Rea’s last contention is that the court should not have deducted from the award $160,934.00, the value of the assets transferred from the liquidated Oldsmobile operation to the new Ford Dealership. We agree that this deduction was error.

In our previous opinion in this case, we mentioned the $160,934.00 as one of the items for which some adjustment ought to be made in the redetermination of damages:

However, the jury’s award here failed to reflect the fact that in 1964 Rea Olds sold certain of its assets for $60,000. and that this cash and the remaining assets of the company were thereafter devoted to the operation of the Monroeville Ford franchise.

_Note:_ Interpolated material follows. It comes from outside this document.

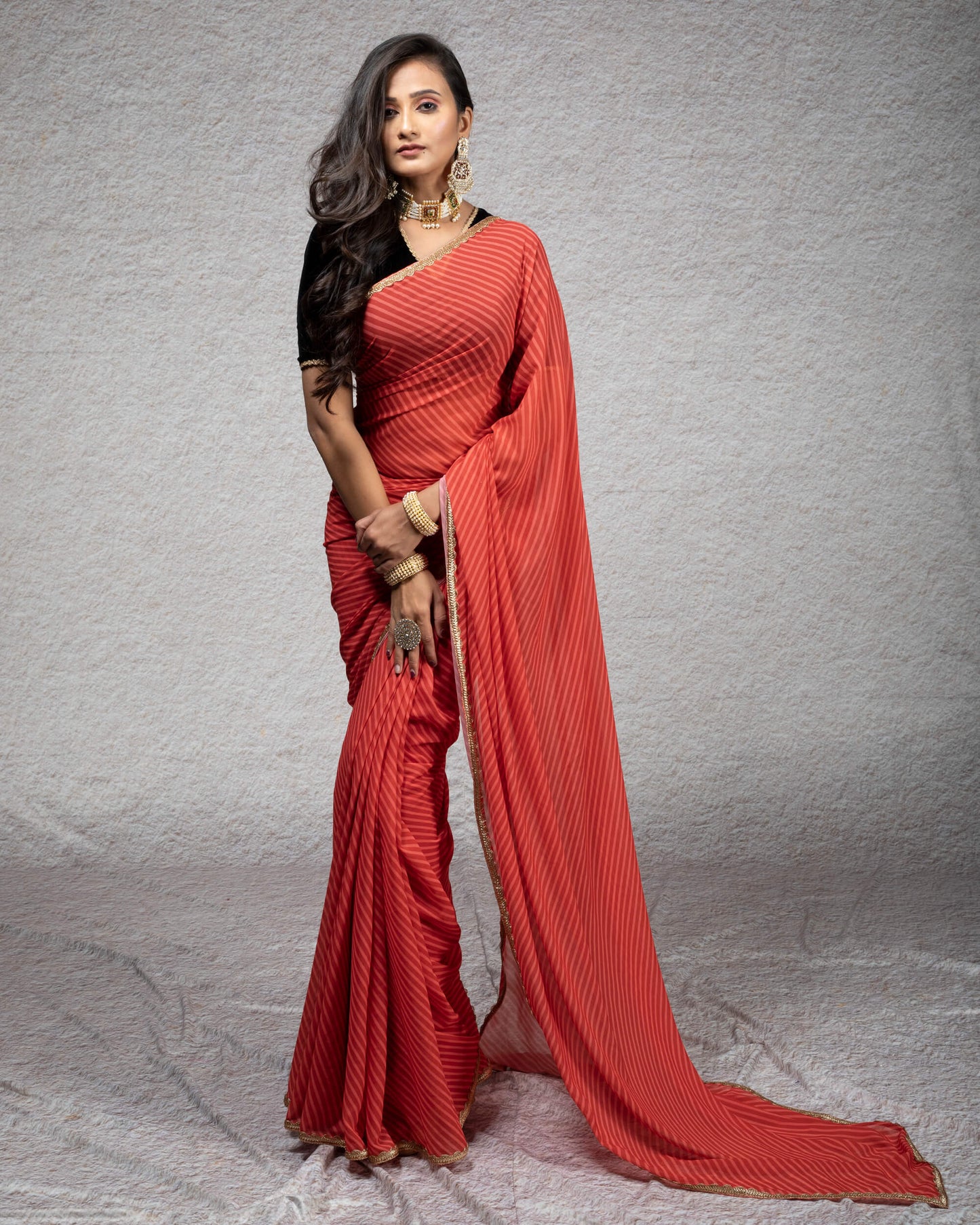 Sangria Red Leheriya Pattern Digital Print Georgette Saree With Zari Lace Border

To award 22 Ford recovery of anticipated profits from the Oldsmobile franchise without any deduction for the asset sale or for the fact that it benefited by having the retained cash and assets available for the operation of the new Ford franchise is to permit a double recovery. Cf. Gustafson v. General Motors Acceptance Corp., 470 F.2d 1057, 1061 (8th Cir. 1973). The award of damages in favor of plaintiffs for defendant’s violation of the Dealers’ Act will, therefore, be vacated and the case remanded for a re-*559determination of such damages in light of this opinion.

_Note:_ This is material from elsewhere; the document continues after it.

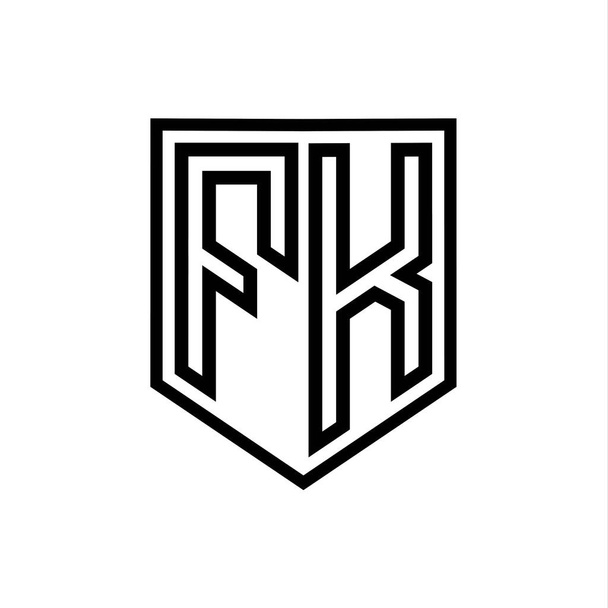 FK Letter Logo monogram schild geometrische lijn binnen schild geïsoleerde stijl ontwerp sjabloon - Foto, afbeelding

Rea, supra at 587 (footnote omitted).

The trial court determined the interest on this amount — $177,940.00. It then deducted $338,874.00, the total of the value of the transferred assets ($160,934.00) plus the interest these assets would have earned ($177,940.00), in order to reflect the benefit of “having the retained cash and assets available for the operation of the new Ford franchise.” See App. at 862a.

Deduction of the interest those assets could have earned was proper. The court recognized our concern that Rea was not harmed to the extent that the freeing of his assets in the Oldsmobile business merely allowed him to earn money elsewhere on those same assets. The asset value itself, though, was an amount that Rea’s Oldsmobile operation had already earned. It should not have been deducted from the future profits. It cannot be likened to a loan, which would have to be paid back, from the Oldsmobile dealership to Rea and then to the Ford franchise; instead, it was money that Rea, as a risker of capital, took out of the Oldsmobile venture and put into the Ford operation.

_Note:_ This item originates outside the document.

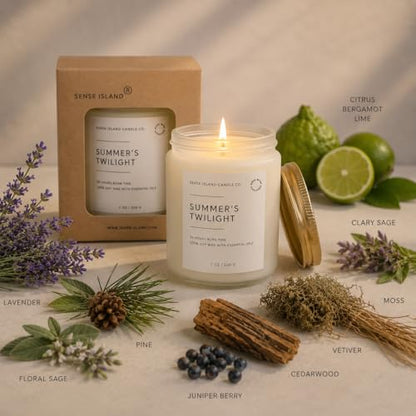 Summer's Night Scented Candles for Mid Summer Twilight | Natural Soy Candle 7oz, up to 50 Hrs Burn Time Highly Scented Giftable - color: Summer's Twilight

Therefore, we will vacate the judgment of the district court and remand with instructions to add $160,934.00 to the judgment.

. The dissent suggests that there was no finding “that Rea had unlimited capacity . . . to perform as manager of both dealerships” simultaneously. We do not agree. Our affirmance of liability below was premised on such a finding. Otherwise, there could have been no liability.

. 15 U.S.C. § 1221(c) provides as follows:

The term “automobile dealer” shall mean any person, partnership, corporation, association, or other form of business enterprise . operating under the terms of a franchise and engaged in the sale or distribution of passenger cars, trucks, or station wagons.